No entanto, alertam também que estas ainda não foram suficientes para resolver as deficiências em relação ao que chamam de “linha de frente da burocracia”, onde alegam que a falta de regulamentação de processos dá espaço para propinas e subornos. Os pesquisadores afirmam ainda que “a corrupção (…) é transparente ao público [mas] não é punida, não permitindo um processo substancial de responsabilização dos agentes públicos”.

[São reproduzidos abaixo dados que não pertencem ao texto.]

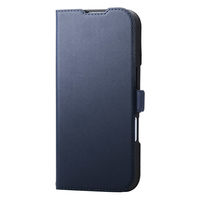 iPhone17 ケース レザー 手帳型 マグネット 衝撃吸収 MAGKEEP ネイビー PM-A25APLFMGNV エレコム 1個（直送品）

Esta, no caso, é a maior barreira a ser enfrentada pelo atual governo federal. Em vésperas da realização de dois eventos internacionais de grande porte como a Copa do Mundo e os Jogos Olímpicos, é danoso perceber o impacto negativo gerado pelos escândalos consecutivos de corrupção no primeiro escalão da presidente Dilma.

Além da demissão, espera-se que a punição – embora impopular na comunidade governista – dê exemplo não só para os demais agentes públicos mas principalmente para a comunidade externa que, como o estudo de Kinoshita e Campos aponta, vê na corrupção um fator impeditivo para aumentar seus investimentos.

Resta-nos esperar para ver se o atual governo preferirá a popularidade política momentânea ou o sucesso gerencial de longo prazo que proporcionou aos emergentes os avanços estruturais e a qualidade de vida que temos hoje.


[1] “The Impact of Trade Liberalization on the Trade Balance in Developing Countries”, publicado em janeiro de 2008 como IMF Working Paper.

[2] “Structural Reforms, Financial Liberalization, and Foreign Direct Investment”, publicado no IMF Staff Papers, volume 57, em 2010.

[3] “Controle da corrupção e burocracia da linha de frente: regras, discricionariedade e reformas no Brasil”, publicado na Revista de Ciências Sociais DADOS, volume 54, número 2, em 2011.